Bedrock can be great for no-code setups, but you lose control over the ingestion and transformation details. Costs can also climb fast if you don’t control how much data you send to models.
FAQ
1) What is retrieval augmented generation (RAG)?
Retrieval augmented generation (RAG) is a pattern where an LLM answers questions using external context retrieved from your own data. Instead of relying only on what the model learned during training, RAG searches your internal documents, selects the most relevant chunks, and passes them into the prompt.

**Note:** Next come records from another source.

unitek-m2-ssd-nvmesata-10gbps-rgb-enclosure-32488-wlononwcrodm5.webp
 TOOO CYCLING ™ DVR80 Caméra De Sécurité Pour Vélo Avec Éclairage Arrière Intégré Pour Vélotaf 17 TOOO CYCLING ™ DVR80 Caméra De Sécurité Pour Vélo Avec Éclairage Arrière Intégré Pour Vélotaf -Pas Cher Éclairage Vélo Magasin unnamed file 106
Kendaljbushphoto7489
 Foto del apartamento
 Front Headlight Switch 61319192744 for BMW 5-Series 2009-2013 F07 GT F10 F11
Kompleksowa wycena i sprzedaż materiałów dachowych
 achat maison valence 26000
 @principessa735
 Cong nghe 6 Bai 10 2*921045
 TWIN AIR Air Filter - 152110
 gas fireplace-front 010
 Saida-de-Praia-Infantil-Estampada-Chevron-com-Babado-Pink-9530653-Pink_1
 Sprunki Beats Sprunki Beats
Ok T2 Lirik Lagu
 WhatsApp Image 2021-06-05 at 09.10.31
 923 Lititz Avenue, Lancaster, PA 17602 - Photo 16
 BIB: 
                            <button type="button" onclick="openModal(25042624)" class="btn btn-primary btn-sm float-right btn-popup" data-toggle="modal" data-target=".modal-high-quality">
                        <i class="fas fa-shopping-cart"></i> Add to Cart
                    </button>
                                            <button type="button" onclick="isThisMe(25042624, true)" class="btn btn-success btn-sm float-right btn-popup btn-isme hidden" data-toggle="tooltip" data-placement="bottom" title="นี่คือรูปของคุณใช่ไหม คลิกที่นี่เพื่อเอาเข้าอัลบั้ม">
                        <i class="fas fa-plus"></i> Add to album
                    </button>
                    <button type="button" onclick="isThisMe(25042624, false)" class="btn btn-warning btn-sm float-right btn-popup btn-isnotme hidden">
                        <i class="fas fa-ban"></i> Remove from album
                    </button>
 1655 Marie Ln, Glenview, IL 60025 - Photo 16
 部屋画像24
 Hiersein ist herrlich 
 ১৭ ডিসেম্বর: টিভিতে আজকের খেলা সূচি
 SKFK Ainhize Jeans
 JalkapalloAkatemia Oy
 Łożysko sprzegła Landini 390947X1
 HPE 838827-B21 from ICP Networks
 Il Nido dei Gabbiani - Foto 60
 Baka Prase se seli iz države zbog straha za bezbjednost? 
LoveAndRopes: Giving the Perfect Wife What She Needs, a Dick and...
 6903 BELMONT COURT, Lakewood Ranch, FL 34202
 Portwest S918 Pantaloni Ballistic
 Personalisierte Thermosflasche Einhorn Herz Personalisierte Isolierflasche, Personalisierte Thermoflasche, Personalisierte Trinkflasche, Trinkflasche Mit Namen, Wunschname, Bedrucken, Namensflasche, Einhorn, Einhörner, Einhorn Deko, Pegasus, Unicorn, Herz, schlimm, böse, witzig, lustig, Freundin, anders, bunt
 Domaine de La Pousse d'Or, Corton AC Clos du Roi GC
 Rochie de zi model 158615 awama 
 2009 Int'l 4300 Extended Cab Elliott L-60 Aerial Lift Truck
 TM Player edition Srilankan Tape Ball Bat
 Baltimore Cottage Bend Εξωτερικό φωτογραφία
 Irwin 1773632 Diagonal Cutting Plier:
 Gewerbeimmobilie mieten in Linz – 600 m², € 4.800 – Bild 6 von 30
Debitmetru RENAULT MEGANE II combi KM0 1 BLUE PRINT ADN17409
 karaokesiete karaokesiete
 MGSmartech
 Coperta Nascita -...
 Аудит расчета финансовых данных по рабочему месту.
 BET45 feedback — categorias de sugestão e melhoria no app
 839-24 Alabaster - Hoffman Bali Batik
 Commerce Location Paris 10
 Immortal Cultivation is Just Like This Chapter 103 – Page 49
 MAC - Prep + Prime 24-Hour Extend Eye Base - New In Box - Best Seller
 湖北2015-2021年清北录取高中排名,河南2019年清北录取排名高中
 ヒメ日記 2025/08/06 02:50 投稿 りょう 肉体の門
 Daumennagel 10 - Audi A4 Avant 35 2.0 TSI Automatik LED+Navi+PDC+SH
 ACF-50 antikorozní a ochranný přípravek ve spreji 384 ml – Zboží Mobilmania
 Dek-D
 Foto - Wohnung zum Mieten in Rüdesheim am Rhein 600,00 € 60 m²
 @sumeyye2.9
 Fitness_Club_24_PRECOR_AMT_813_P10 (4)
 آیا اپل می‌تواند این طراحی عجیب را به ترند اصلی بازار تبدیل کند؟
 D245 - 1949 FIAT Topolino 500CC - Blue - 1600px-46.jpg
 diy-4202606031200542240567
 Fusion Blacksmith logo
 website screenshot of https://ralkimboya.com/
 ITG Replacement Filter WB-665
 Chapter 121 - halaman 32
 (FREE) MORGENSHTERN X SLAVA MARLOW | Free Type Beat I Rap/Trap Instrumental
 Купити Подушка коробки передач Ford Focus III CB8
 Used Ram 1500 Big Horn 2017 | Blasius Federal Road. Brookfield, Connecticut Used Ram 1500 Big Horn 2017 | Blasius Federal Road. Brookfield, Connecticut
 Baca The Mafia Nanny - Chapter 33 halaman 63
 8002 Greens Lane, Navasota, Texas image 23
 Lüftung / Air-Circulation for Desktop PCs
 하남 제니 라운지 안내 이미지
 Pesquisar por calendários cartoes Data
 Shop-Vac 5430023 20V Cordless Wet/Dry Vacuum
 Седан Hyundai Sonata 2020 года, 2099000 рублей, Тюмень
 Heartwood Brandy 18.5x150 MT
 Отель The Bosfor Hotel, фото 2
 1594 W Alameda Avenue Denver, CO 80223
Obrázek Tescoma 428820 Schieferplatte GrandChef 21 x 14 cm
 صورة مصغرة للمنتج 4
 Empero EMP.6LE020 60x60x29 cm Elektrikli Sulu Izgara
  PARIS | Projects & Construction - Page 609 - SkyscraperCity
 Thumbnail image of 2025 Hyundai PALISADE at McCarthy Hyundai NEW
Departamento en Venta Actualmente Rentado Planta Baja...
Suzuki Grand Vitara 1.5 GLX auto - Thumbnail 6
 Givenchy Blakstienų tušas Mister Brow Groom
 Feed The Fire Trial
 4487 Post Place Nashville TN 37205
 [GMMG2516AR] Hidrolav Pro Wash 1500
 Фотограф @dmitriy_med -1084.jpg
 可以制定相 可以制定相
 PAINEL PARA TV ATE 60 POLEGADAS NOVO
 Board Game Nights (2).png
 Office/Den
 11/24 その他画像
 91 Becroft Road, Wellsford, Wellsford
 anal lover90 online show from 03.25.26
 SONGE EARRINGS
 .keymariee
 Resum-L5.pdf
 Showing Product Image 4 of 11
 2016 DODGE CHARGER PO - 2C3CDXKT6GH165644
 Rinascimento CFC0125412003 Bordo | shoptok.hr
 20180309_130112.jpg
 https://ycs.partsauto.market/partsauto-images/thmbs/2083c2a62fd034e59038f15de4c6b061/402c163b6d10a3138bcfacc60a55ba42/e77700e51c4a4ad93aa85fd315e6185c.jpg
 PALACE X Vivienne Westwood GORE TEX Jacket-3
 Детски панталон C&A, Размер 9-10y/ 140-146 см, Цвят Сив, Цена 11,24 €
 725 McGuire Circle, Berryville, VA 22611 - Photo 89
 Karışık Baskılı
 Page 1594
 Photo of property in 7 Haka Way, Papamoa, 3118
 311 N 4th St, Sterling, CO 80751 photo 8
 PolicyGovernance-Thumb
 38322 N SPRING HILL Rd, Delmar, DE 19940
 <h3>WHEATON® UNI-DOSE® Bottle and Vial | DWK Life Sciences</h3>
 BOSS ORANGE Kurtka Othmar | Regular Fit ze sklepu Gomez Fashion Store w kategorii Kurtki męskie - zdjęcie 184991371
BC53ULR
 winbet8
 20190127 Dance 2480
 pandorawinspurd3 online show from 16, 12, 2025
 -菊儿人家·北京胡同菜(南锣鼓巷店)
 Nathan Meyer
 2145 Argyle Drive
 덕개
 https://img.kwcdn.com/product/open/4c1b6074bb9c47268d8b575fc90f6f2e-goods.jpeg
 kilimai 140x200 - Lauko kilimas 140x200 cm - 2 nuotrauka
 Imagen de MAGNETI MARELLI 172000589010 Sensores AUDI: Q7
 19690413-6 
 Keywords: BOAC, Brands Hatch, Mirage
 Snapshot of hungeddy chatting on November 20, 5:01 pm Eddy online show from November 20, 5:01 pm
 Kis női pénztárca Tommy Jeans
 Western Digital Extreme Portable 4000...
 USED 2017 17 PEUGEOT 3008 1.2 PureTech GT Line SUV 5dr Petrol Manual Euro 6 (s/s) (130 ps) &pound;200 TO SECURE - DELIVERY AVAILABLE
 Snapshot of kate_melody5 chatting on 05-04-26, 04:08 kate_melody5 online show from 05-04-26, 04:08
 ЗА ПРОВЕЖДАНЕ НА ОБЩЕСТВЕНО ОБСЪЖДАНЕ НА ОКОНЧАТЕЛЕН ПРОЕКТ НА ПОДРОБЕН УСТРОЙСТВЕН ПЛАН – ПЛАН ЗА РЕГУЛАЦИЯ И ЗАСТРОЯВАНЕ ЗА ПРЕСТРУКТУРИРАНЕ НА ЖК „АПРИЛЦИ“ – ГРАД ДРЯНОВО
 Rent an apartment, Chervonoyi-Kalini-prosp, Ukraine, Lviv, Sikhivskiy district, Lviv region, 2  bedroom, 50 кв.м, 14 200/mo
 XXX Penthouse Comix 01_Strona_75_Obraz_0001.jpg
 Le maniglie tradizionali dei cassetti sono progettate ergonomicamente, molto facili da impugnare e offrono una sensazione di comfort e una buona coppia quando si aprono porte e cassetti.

2) What does “data engineering in AI” mean for job interviews?
Data engineering in AI means you can build pipelines that prepare and serve data for AI features. In interviews, that usually means unstructured ingestion, chunking, embeddings, vector database writes, and incremental updates. Hiring teams want proof you can run this reliably, not just build a one-time demo.
3) How do vector databases help RAG systems?
Vector databases help RAG systems by storing embeddings and supporting similarity search, which finds relevant content by meaning instead of keywords. They also store metadata like source, topic, and timestamps. That mix makes retrieval faster, improves answer quality, and makes debugging possible when results look wrong.
4) Which chunking strategy should you use first for RAG?
Start with fixed-size or recursive chunking because both are practical, predictable, and easy to tune. Semantic chunking can work, but it often raises preprocessing cost since it involves more LLM calls. The best choice depends on your document types, target chunk size, and how often you reprocess content.
5) Is Data Engineer Academy a good fit if I want to build AI systems?
Data Engineer Academy can be a fit if you want hands-on projects that mirror production pipelines, including ingestion, transformation, and system design. The key is building work you can explain in interviews.
Conclusion
A RAG system that companies actually use isn’t just an LLM with a fancy UI. It’s a data engineering pipeline that keeps unstructured data fresh, searchable, and traceable, then retrieves the right context at the right time.
If you take one thing from this breakdown, make it this: focus on incremental ingestion and retrieval quality, because that’s where real systems succeed or fail. Build that as a project, then use it as your interview story.